The E. Carrington Family Enrichment Center, which officially opened last week, is unusual among state-licensed shelters for pregnant women in the Washington area, Chambers said. The residential facility, which is part of Chambers's private practice called the Calvary Counseling Center, serves girls as young as 12 who have a diagnosed mental health condition. Chambers prefers that its exact location not be revealed to protect the privacy of those who will live there.

Other shelters in the region for pregnant women or teens typically serve those who are 18 and older and focus on obtaining social services for them -- not aiding their psychological issues, Chambers said.

"I saw there was a major void in the service around pregnant teens," said Chambers, who was inspired to create the center because her mother gave birth as a teenager to her and her two siblings. "These girls are put out or ostracized, and [the area] is not equipped to adequately address the shelter and mental health and psychological needs of those girls."

The Carrington center, which is screening potential residents, will permit up to four women or girls who either are pregnant with their first child or have given birth to their first child. The average stay will be one to two years and will require weekly individual and group therapy sessions with Chambers or other counselors, to help cope with issues including declining self-esteem and trauma from sexual abuse.

With a staff of five employees including Chambers, the Carrington center, which is seeking nonprofit status, will rely on state and Medicaid funds. Officials with social service departments and similar agencies in Northern Virginia have toured the center or contacted Chambers about placing clients. The center's grand opening last month, she said, was attended by several Manassas council members and a state delegate.

Dixie Aiken, the facility's program manager, said she used to work as a teacher in the Manassas City school system, where she encountered several teenagers grappling with psychological issues linked to their pregnancies.

"You're worrying if you're fitting in and if you're wearing the right clothes and talking to the right people and, on top of all that, you're pregnant," Aiken said. "The mental stage that those young girls are in, they don't understand all the responsibilities and consequences."

In Northern Virginia, there were 2,264 teenage pregnancies in 2007, with 824 in Fairfax County and 640 in Prince William County, according to the state's health department.

In the more troubling and younger categories -- girls 15 and younger -- Prince William had 12 pregnancies and Fairfax had 10 in 2007. Among girls 15 to 17, Prince William had 189 and Fairfax had 215.

For those chosen to stay at Carrington, they will enter a physical space that feels like a modern home and healing center: hardwood floors, yellowish walls and an open kitchen that pours into a living room where, ringing the top of the walls, are the words "It is your right to be treated with dignity and respect, to be told about your treatment, to have a say in your treatment."

Hanging on a wall is a framed list of the center's daily activities, from 6 a.m. to 10:30 p.m.

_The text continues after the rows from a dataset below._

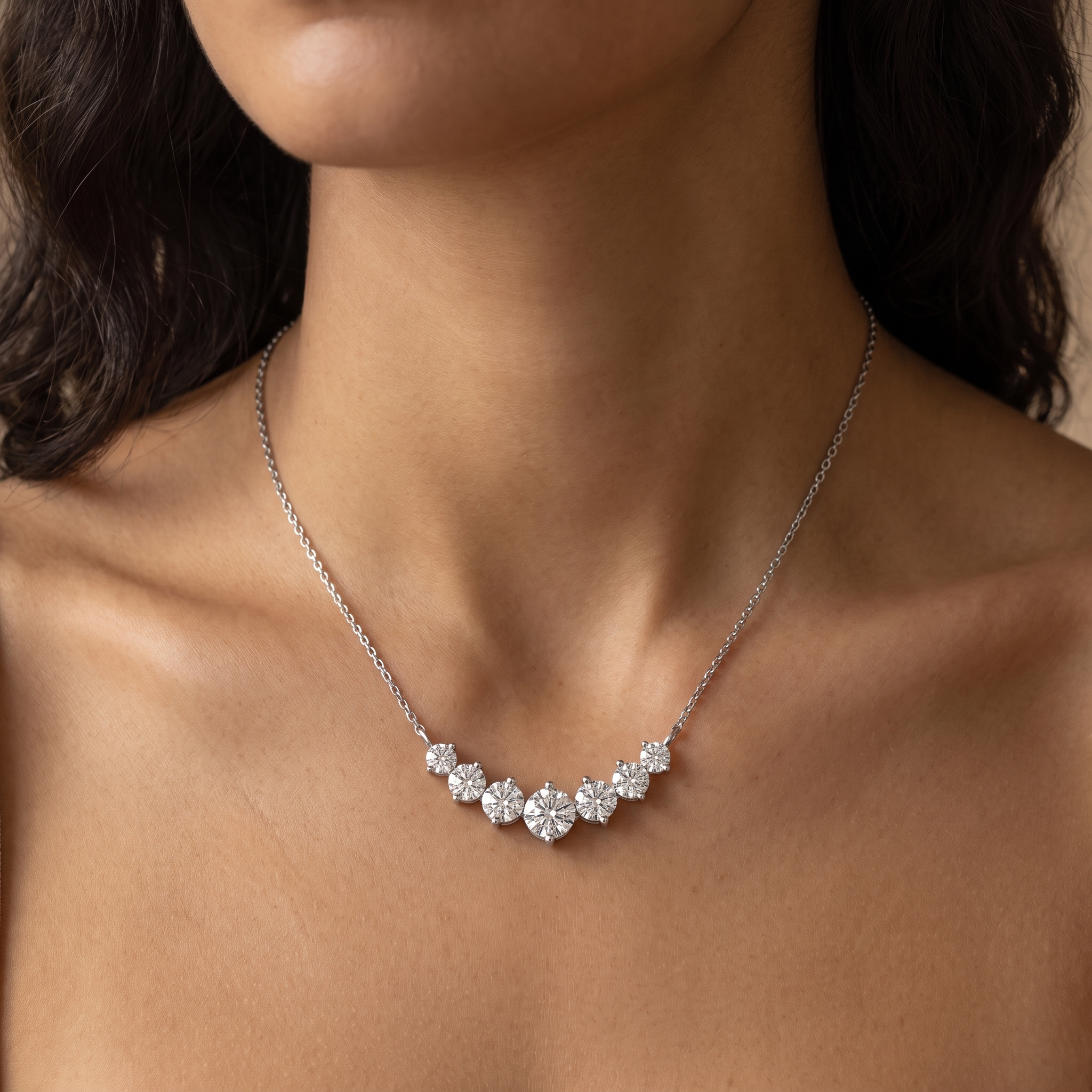 Montier Lucien 7-stone necklace worn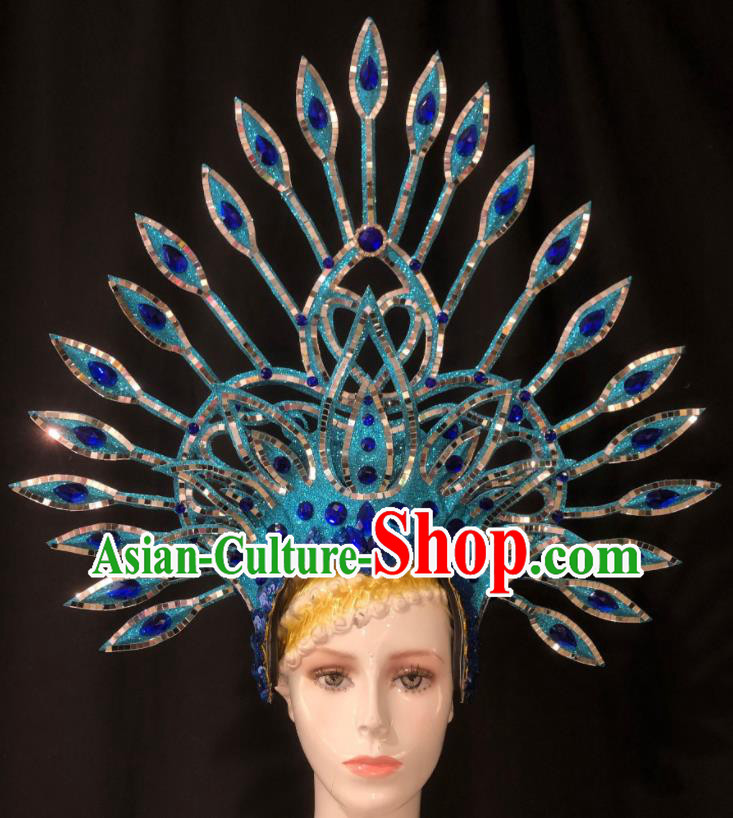 Handmade Rio Carnival Blue Royal Crown Cosplay Queen Deluxe Hair Accessories Halloween Stage Show Hat Brazil Parade Giant Headdress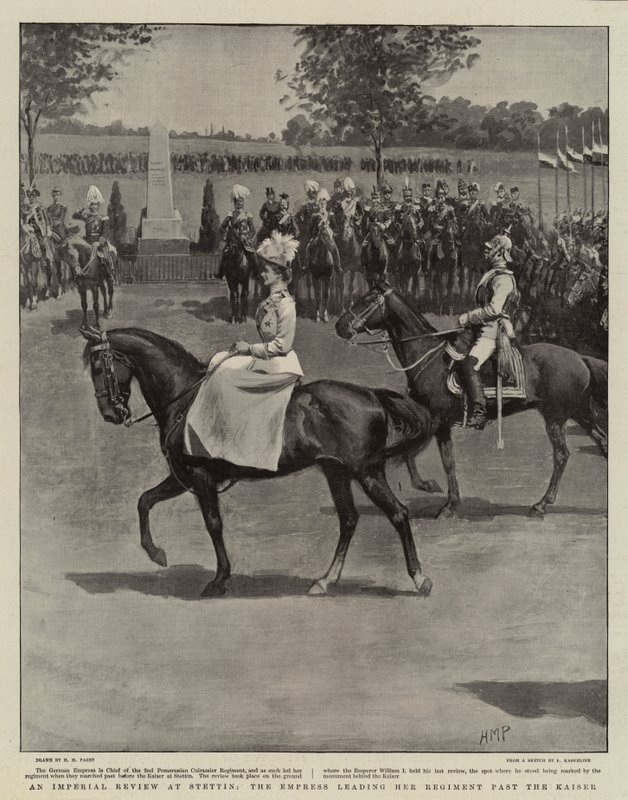 Una revisión imperial en Stettin, la emperatriz liderando su regimiento ante el káiser de Henry Marriott Paget
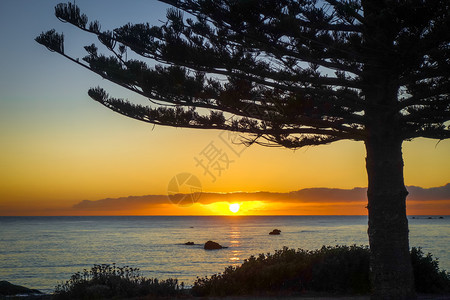 新西兰南部岛屿Kaikour海滩日落新西兰Kaikour海滩日落图片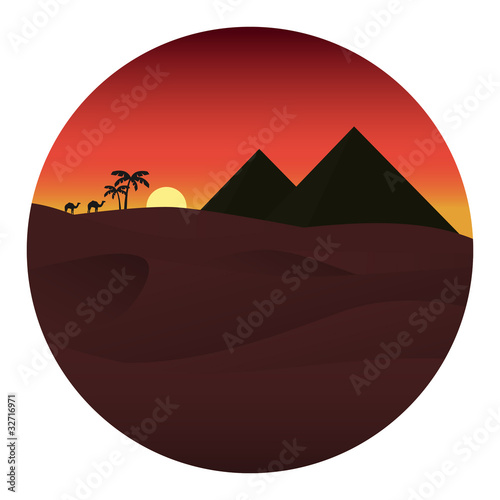 Sunset in the desert. Vector illustration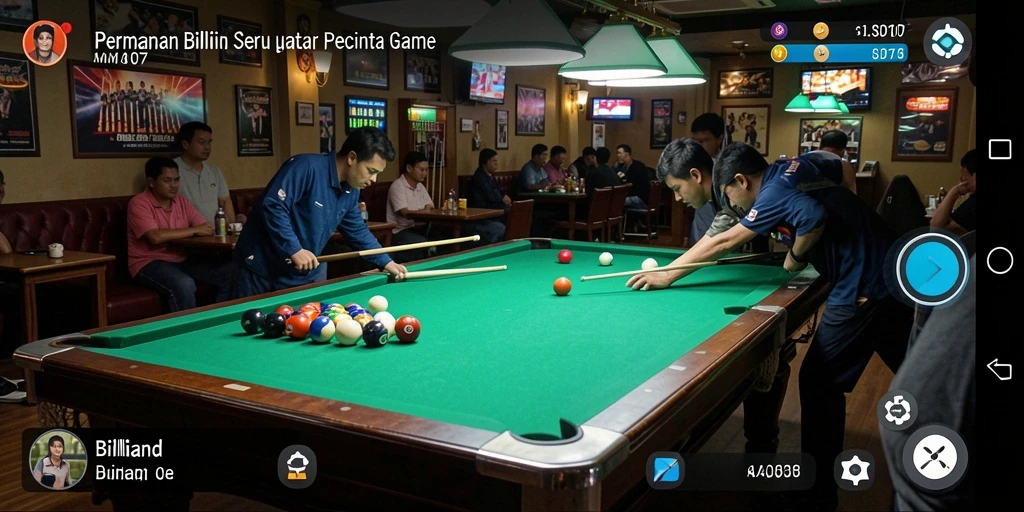 Tampilan antarmuka SD107 yang menarik saat bermain billiard.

There also is a framed poem by Maya Angelou that Chambers received from her mother, Evalyne, who always went by "E."

Each bedroom has a single bed and a crib with brightly colored linens and features artwork hanging on the walls or painted on the ceiling. One bedroom will be occupied by a full-time house parent, who will help manage the home's daily rhythms as any parent might.

Chambers, who is often called to serve as a counselor in schools or companies during crises, said she has spent about $60,000 of her family's money to renovate the home. The biggest renovation was transforming their garage into a day care, whose walls have a commissioned mural of wildlife.

"It's about establishing a rapport. You have to do it in a creative way," Chambers said on a recent day, while touring the center with Prince William Sheriff Glendell Hill. "If you haven't done that, you're not going to get anything from them. You have to allow them to feel empowered."